[Start of Attachment]

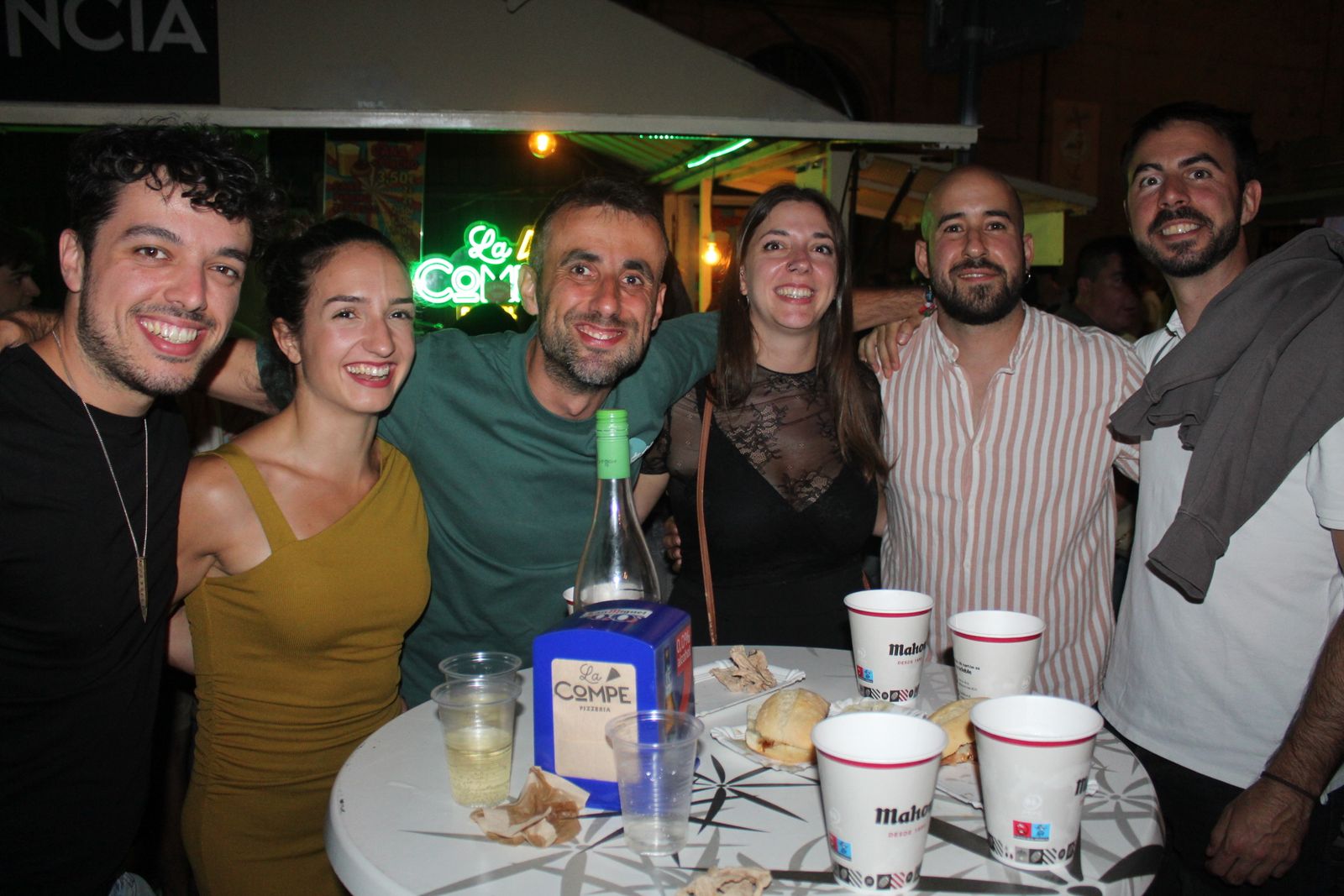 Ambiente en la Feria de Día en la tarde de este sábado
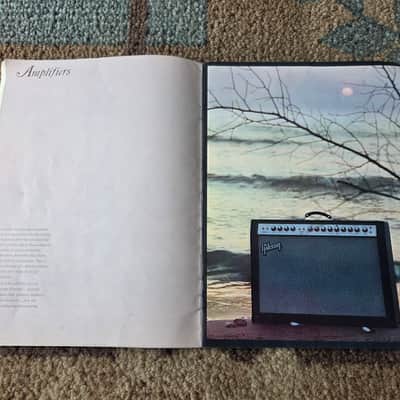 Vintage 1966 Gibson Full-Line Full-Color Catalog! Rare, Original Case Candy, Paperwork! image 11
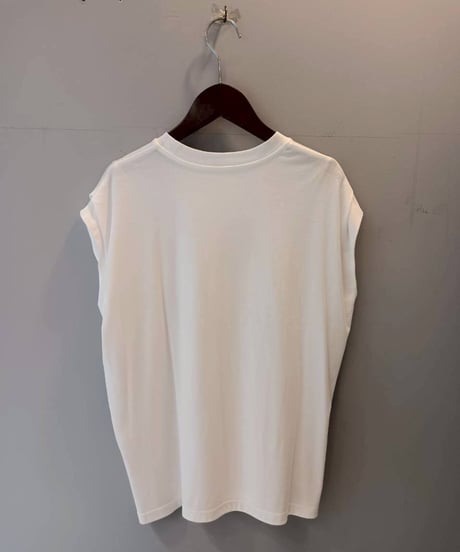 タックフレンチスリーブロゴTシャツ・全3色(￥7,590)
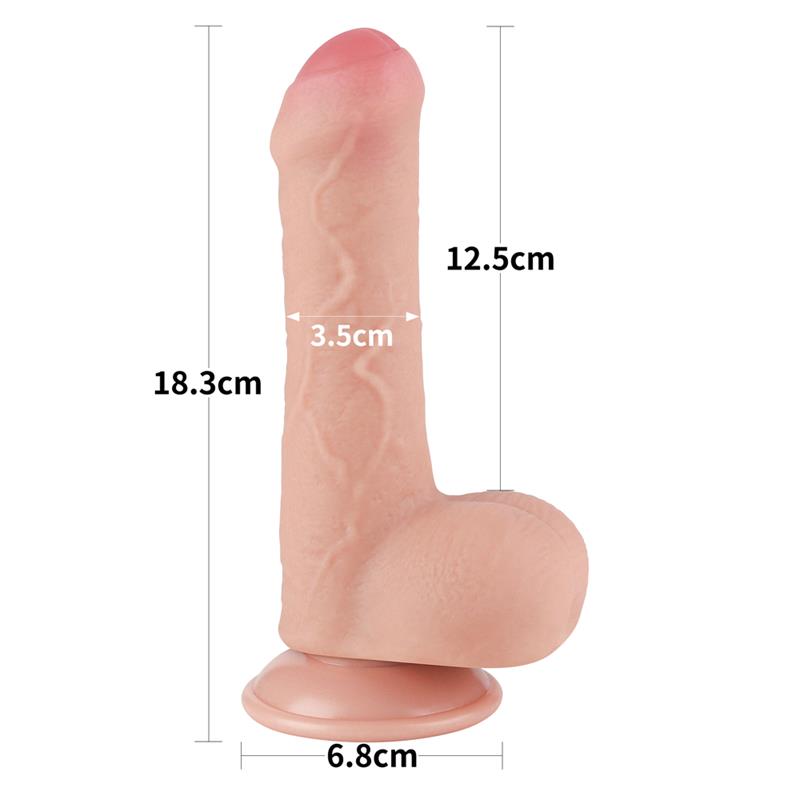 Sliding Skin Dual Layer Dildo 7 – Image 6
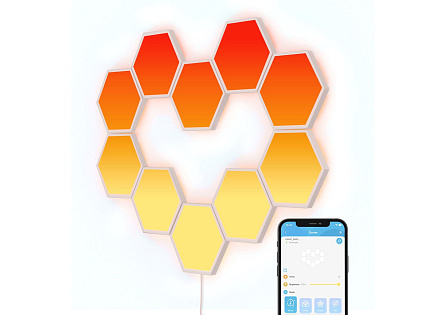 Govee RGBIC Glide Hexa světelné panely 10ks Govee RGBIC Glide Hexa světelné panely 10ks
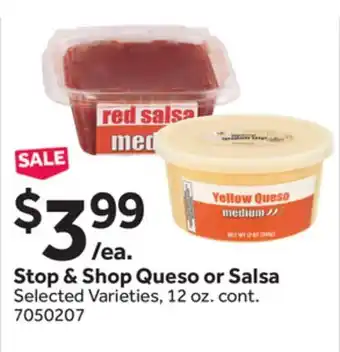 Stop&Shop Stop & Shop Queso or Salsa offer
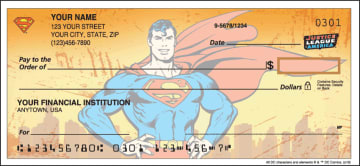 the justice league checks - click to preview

[End of Attachment]

Work item —
For this exercise, transcribe the entries above exactly, without any pictures.

Answer —
 Ambiente en la Feria de Día en la tarde de este sábado
 Vintage 1966 Gibson Full-Line Full-Color Catalog! Rare, Original Case Candy, Paperwork! image 11
 タックフレンチスリーブロゴTシャツ・全3色(￥7,590)
 Sliding Skin Dual Layer Dildo 7 – Image 6
 Govee RGBIC Glide Hexa světelné panely 10ks Govee RGBIC Glide Hexa světelné panely 10ks
 Stop&Shop Stop & Shop Queso or Salsa offer
 the justice league checks - click to preview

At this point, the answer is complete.